4. Unter einer verdeckten Gewinnausschüttung wird die Zuweisung eines Gewinns einer Kapitalgesellschaft an die Inhaber von Beteiligungsrechten (oder diesen nahestehende Personen) verstanden, die buchmässig nicht als solche ausgewiesen, sondern durch Buchungen verdeckt werden, die diese geldwerten Leistungen entweder überhaupt nicht in einem unrichtigen Licht erscheinen lassen (vgl. E. Känzig, Die eidgenössische Wehrsteuer, Art. 49 N 75; P. Locher, a.a.O., Art. 58 N 97; R. Heuberger, Die verdeckte Gewinnausschüttung aus Sicht des Aktienrechts und des Gewinnsteuerrechts, S. 181 ff.). Merkmale einer verdeckten Gewinnausschüttung sind:
a) Missverhältnis zwischen Leistung und Gegenleistung;
b) Leistung erfolgt an Anteilsinhaber eine diesem nahestehende Person;
c) Erkennbarkeit des Missverhältnisses zwischen Leistung und Gegenleistung.
Im folgenden gilt es, die einzelnen Kriterien zu untersuchen:
a) Missverhältnis zwischen Leistung und Gegenleistung
Nachdem in der Jahresrechnung 2000 nur die Mietzinsaufwendungen des Jahres 2000 berücksichtigt werden können, versteht es sich von selbst, dass zwischen der Leistung der Gesellschaft im Betrag von Fr. 114'880.-- und der Gegenleistung ein eklatantes Missverhältnis besteht (vgl. R. Heuberger, a.a.O., S. 182 ff.).

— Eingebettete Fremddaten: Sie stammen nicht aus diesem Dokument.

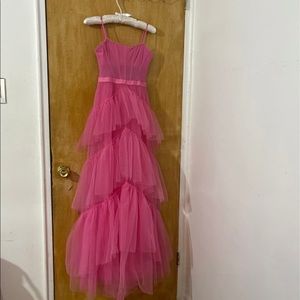 [sold]BCBGMAXAZRIA Tulle gown in vibrant pink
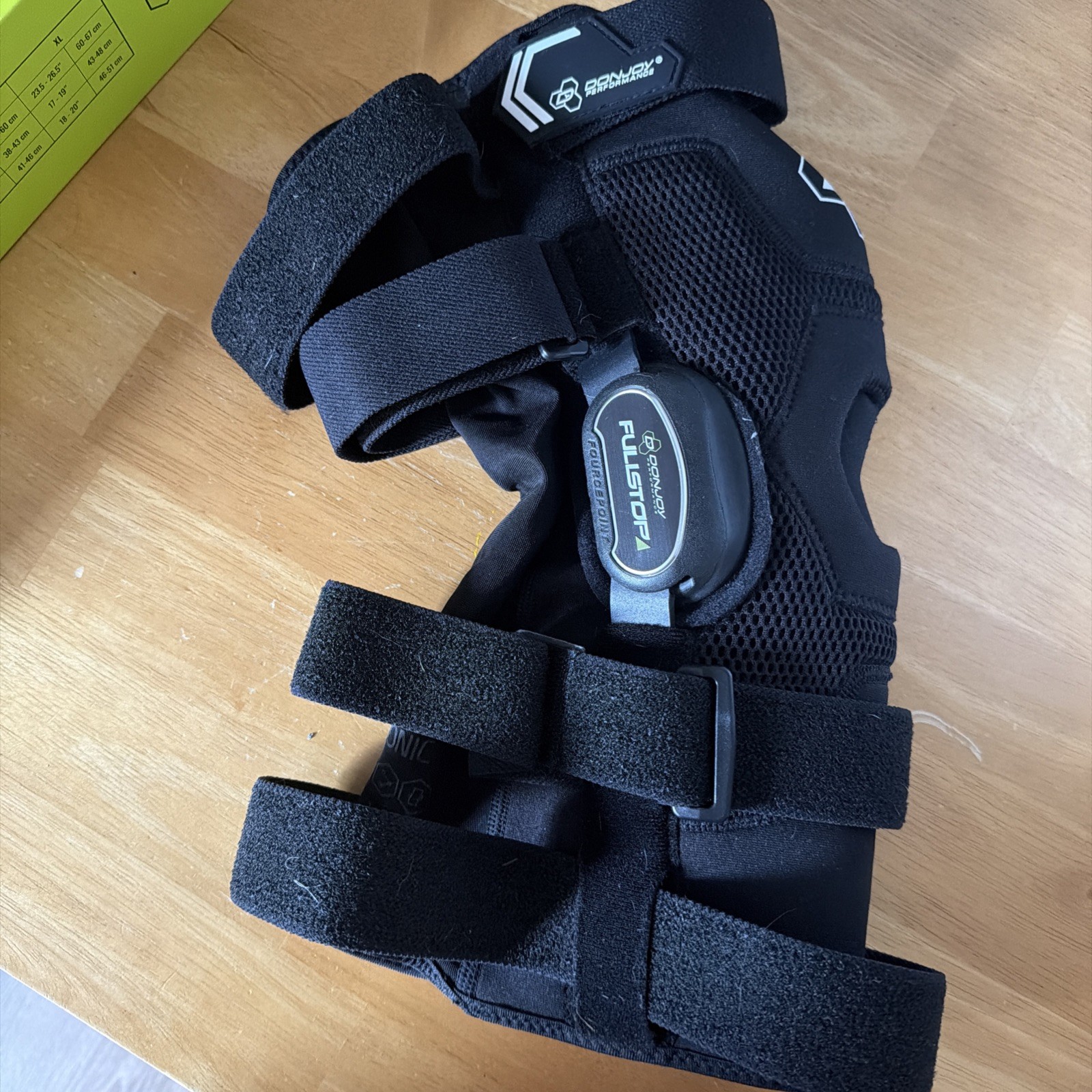 UVG DonJoy Bionic FullStop Knee Brace Performance Support Medium Black*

b) Leistung erfolgt an Anteilsinhaber eine diesem nahestehende Person
Die Leistung der Rekurrentin wurde zwar im Jahr 2000 mangels Liquidität noch nicht ausbezahlt, doch erhielt der Gesellschafter Y. einen Anspruch auf den in den transitorischen Passiven verbuchten Betrag von Fr. 114'880.--. Y. besitzt 55 % der Stammanteile der Rekurrentin. Im Handelsregister ist er zudem als einziger Geschäftsführer eingetragen. Der Rechtsgrund der Leistung liegt offenbar im Beteiligungsverhältnis des Leistungsempfängers (causa societatis). Die Rekurrentin hat offensichtlich nicht mit diesen Forderungen gerechnet. Andernfalls hätte man ausreichende Rückstellungen verbucht. Von einem unabhängigen Dritten hätte man derart überraschende und verspätete Mietzinsrechnungen nicht akzeptiert. Auch das zweite Kriterium ist somit erfüllt.
c) Erkennbarkeit des Missverhältnisses zwischen Leistung und Gegenleistung
Das Missverhältnis zwischen Leistung und Gegenleistung ist offensichtlich. Es wäre für die handelnden Organe zweifellos erkennbar gewesen (vgl. mit zahlreichen Beispielen zur bundesgerichtlichen Rechtsprechung R. Heuberger, a.a.O., S. 222).
Insgesamt ergibt sich somit, dass die Vorinstanz die im Jahr 2000 geschäftsmässig nicht begründeten Mietzinsaufwendungen von Fr. 104'800.-zu Recht Y. als verdeckte Gewinnausschüttung aufgerechnet hat.
6. Rekurs und Beschwerde erweisen sich somit als unbegründet und sind abzuweisen.